Leaving out all pictures, restate word for word the lines from the one with "AC 85 - 265V" through the last line of the entries.

- **Material for this task**:
********************

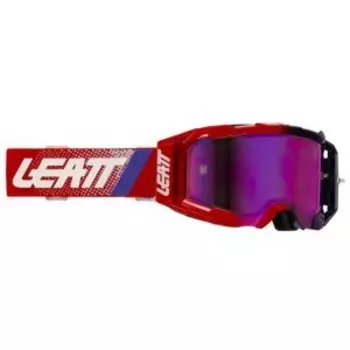 Веломаска Leatt Velocity 5.5 Iriz Flame Bronze 68%, 8025200520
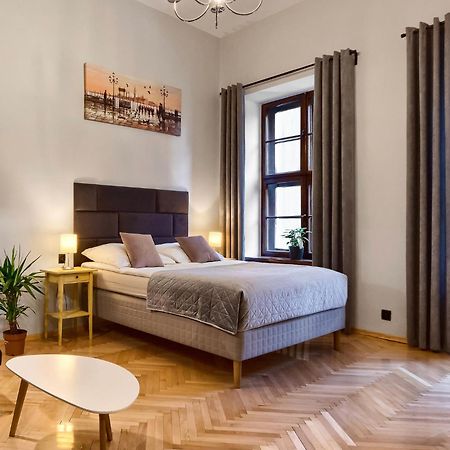 Comfortable Apartments In The Old Town Of Krakau Exterior foto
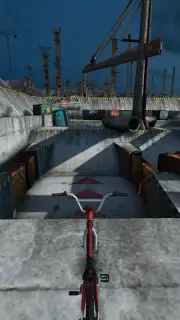 Touchgrind BMX captura 4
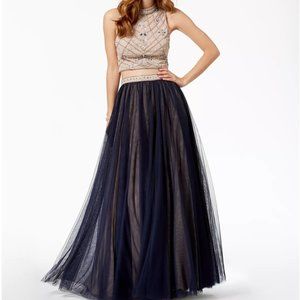 Say Yes to the Dress 2 piece gown outfit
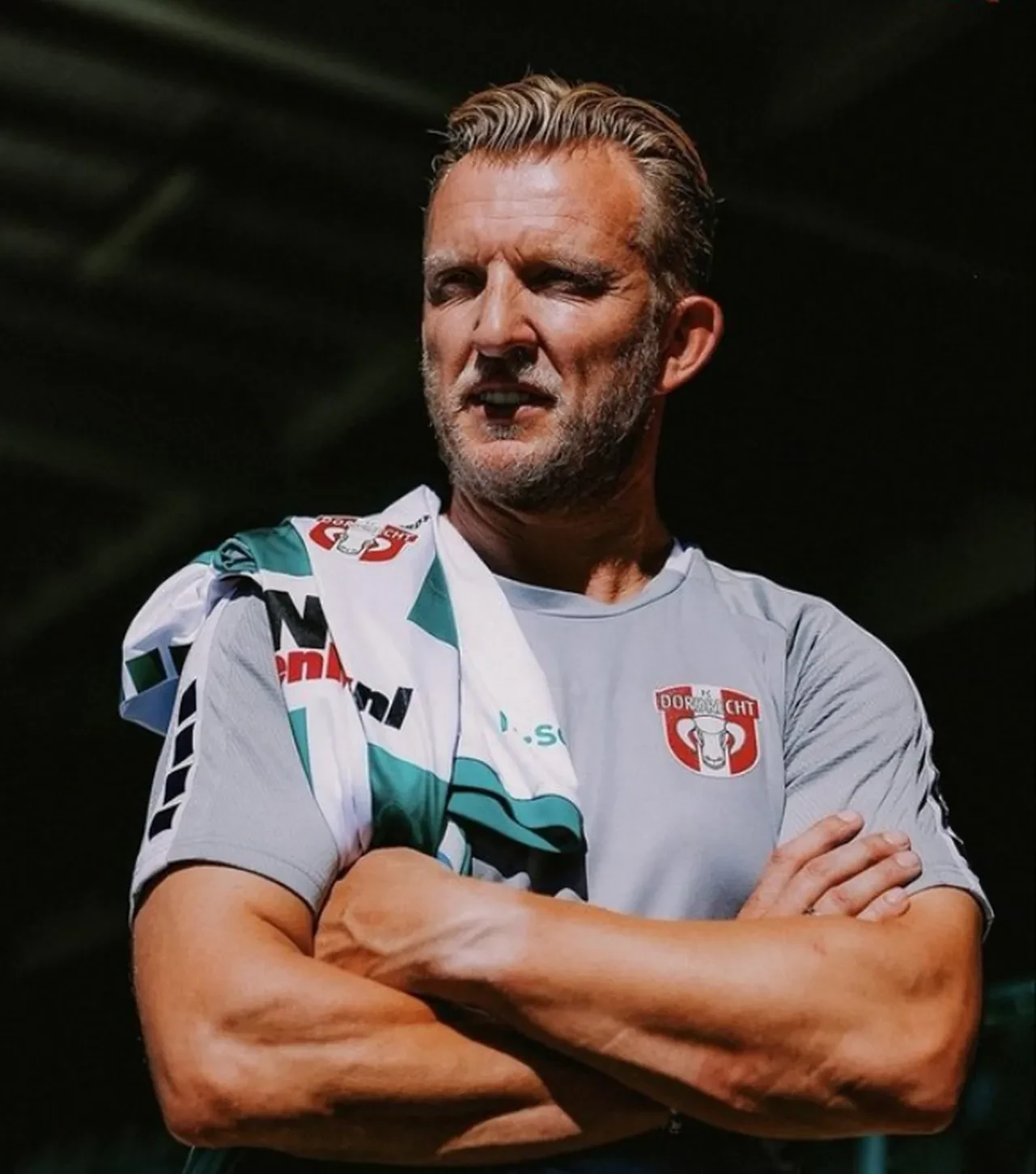 İsmail Kartal'ın yardımcısı olacaktı! Dirk Kuyt için çarpıcı iddia: 'Fenerbahçe özür diledi'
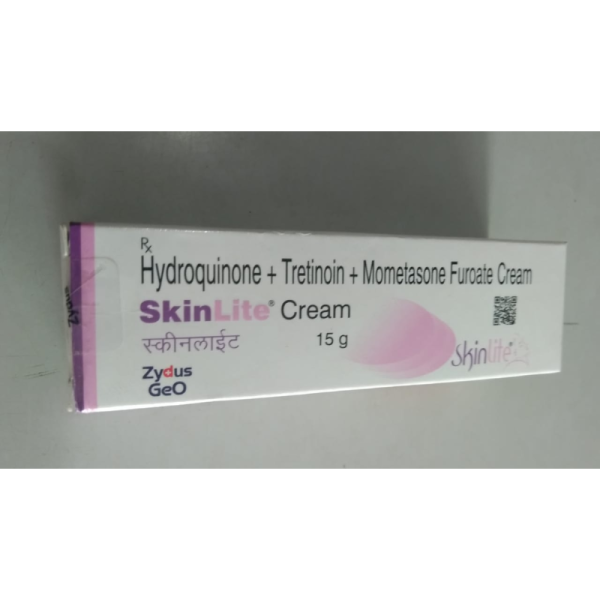Skinlite Cream - Zydus Healthcare Ltd.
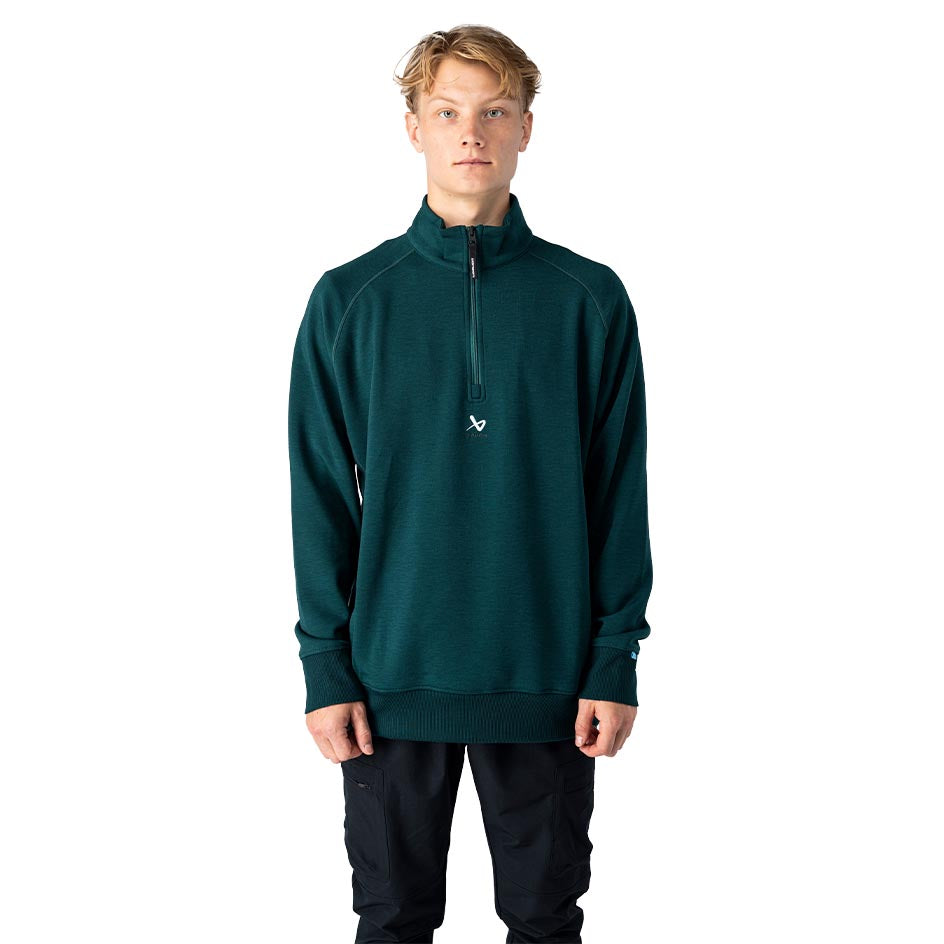 Bauer Travel Quarter Zip Senior S26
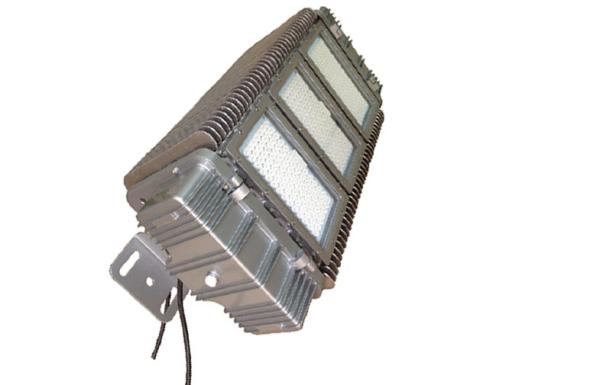 AC 85 - 265V Flood Light 58960lm 70 CRI LED Stadium Lights 600 Watt For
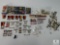 Extensive Collection of Military Medals, Ribbons, and Insignias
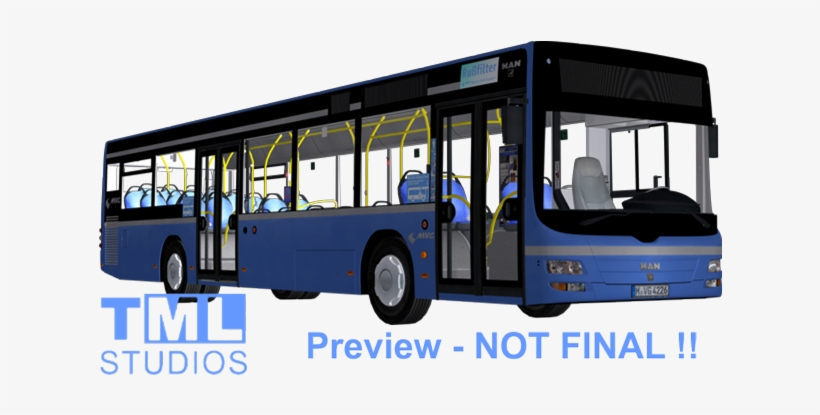 City - Airport Bus, transparent png download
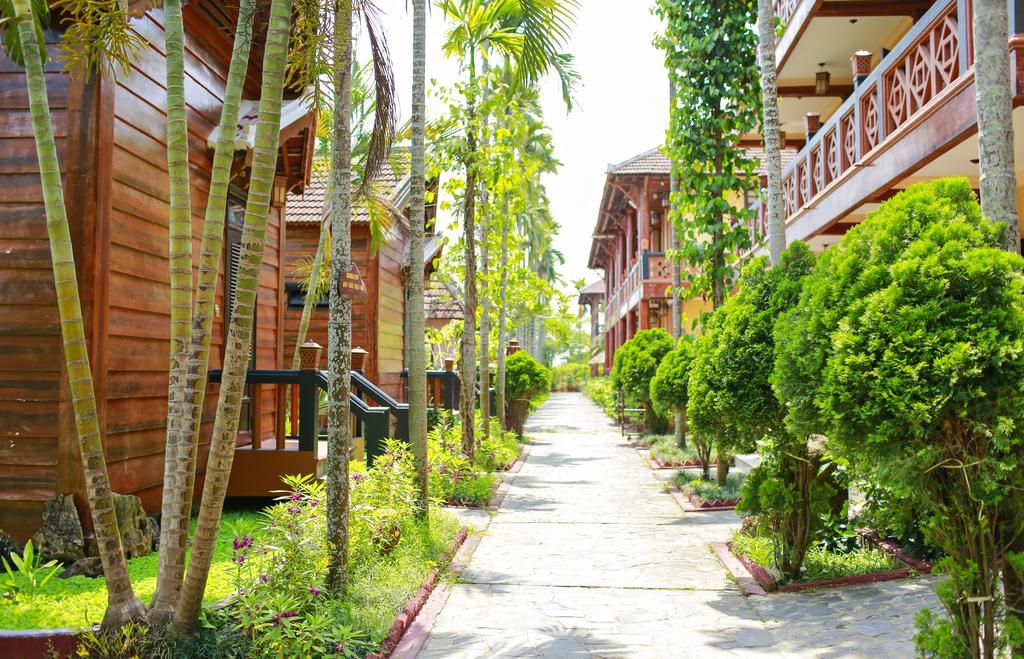 Pho Hoi Riverside Resort Hoi An Esterno foto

********************

- **Expected answer**:
 AC 85 - 265V Flood Light 58960lm 70 CRI LED Stadium Lights 600 Watt For
 Extensive Collection of Military Medals, Ribbons, and Insignias
 City - Airport Bus, transparent png download
 Pho Hoi Riverside Resort Hoi An Esterno foto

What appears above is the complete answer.